I've never been optimistic that the XML menu capability of these Cisco phones would prove to be valuable. It's a clever thing and I'm sure there are some useful edge cases, but for nearly all imagined uses it's difficult to imagine the phone being handier or more useful than the real computer sitting 8 inches away from most Cisco IP phones.

Still, I've been playing around with the XML since I got the phone. I've got a little services menu with an "order food" directory of places that will deliver to my house. (I can never seem to remember those phone numbers and they don't really deserve a place in my address book.

Inspired by scottstuff's ab2vcard tool, I wrote an OS X Address Book based phone directory for my phone. Scott had already implemented a similar tool but his is written in ruby and didn't behave quite how I wanted, so I just rolled my own in perl. The code is on github of course, if you want it.
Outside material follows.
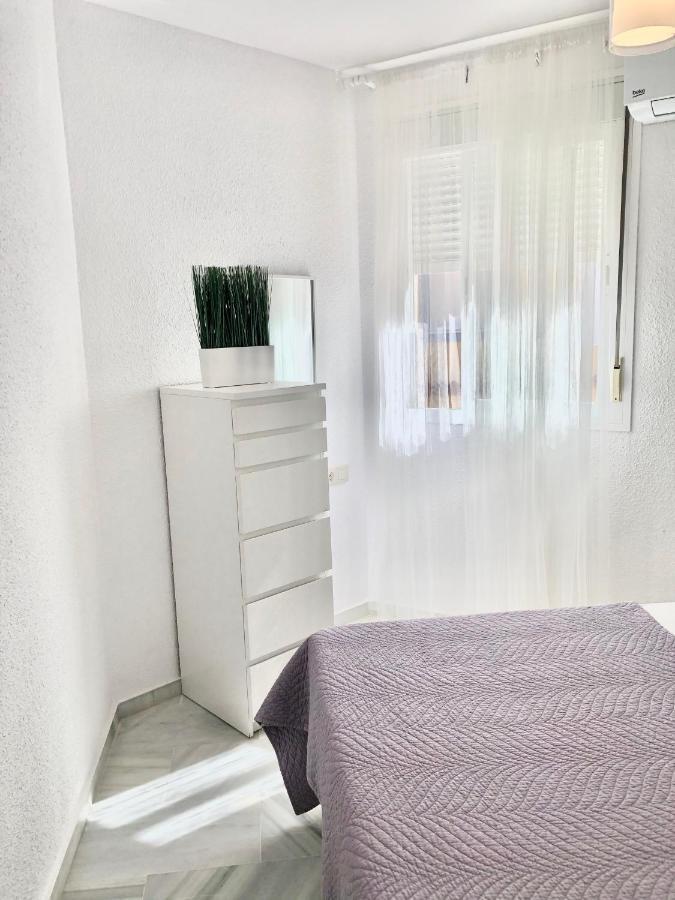 Apartamento Aretusa El Velero Zahara de los Atunes Buitenkant foto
Entering a search string The user selects the external directory of the Cisco phone and is prompted to enter a partial string for searching. This will search through a directory of common .vcf card files (exported from OS X Address Book or Outlook) and also through a directory specific to the MAC address of that particular SIP phone.

In this way, you could provide a common company address book but still allow users to add their own semi-private entries as well. A match is made if any word in the contact name (or company name) matches the supplied string. ("pa" matches "Paul Simon" and also "Ru Paul" for example).

I limited the input to only lower-case letters, which seems to simplify the data entry process a lot. It's still a little akward keying in letters using a number pad, but it's passable and even with several hundred contacts, I usually only need two or three letters to get a useful result.

Matching Names If only one contact matches the search string, this step is skipped. Otherwise, the phone will then present a listing of all matching contacts and allow the user to select which contact they intended to look up. Only contacts which have a phone number are included in the results. This saves me from having to manually filter out all the non-phone entries in my address book. (iChat, for instance, loves to create otherwise empty entries with only the AIM account info for a person)

I have had a little difficulty with non-ascii characters at this step. OS X exports vCards as 16 bit unicode if there are foreign characters in the entry. FreeBSD's grep is unable to acommodate this, so it's not possible to search within the file, excluding those vCards from the search results.

Single Record Finally, after step two (or if step one only yielded a single hit) the directory presents the user with all the phone numbers listed for that contact.

If a phone number is flagged in the vCard as "Preferred" then it is promoted to the top of the listing. I am also pulling any custom labels (like the VoIP label shown) if present. The user can then scroll down and select the target number and the phone will dial.

 

Overall I think it's a success

Despite my reservations, I think that this might actually prove to be useful. At least until I rig up a way to do automated dialing from my Powerbook. This actually does turn out to be more convenient than looking up a phone number on my computer and then dialing it by hand on the phone.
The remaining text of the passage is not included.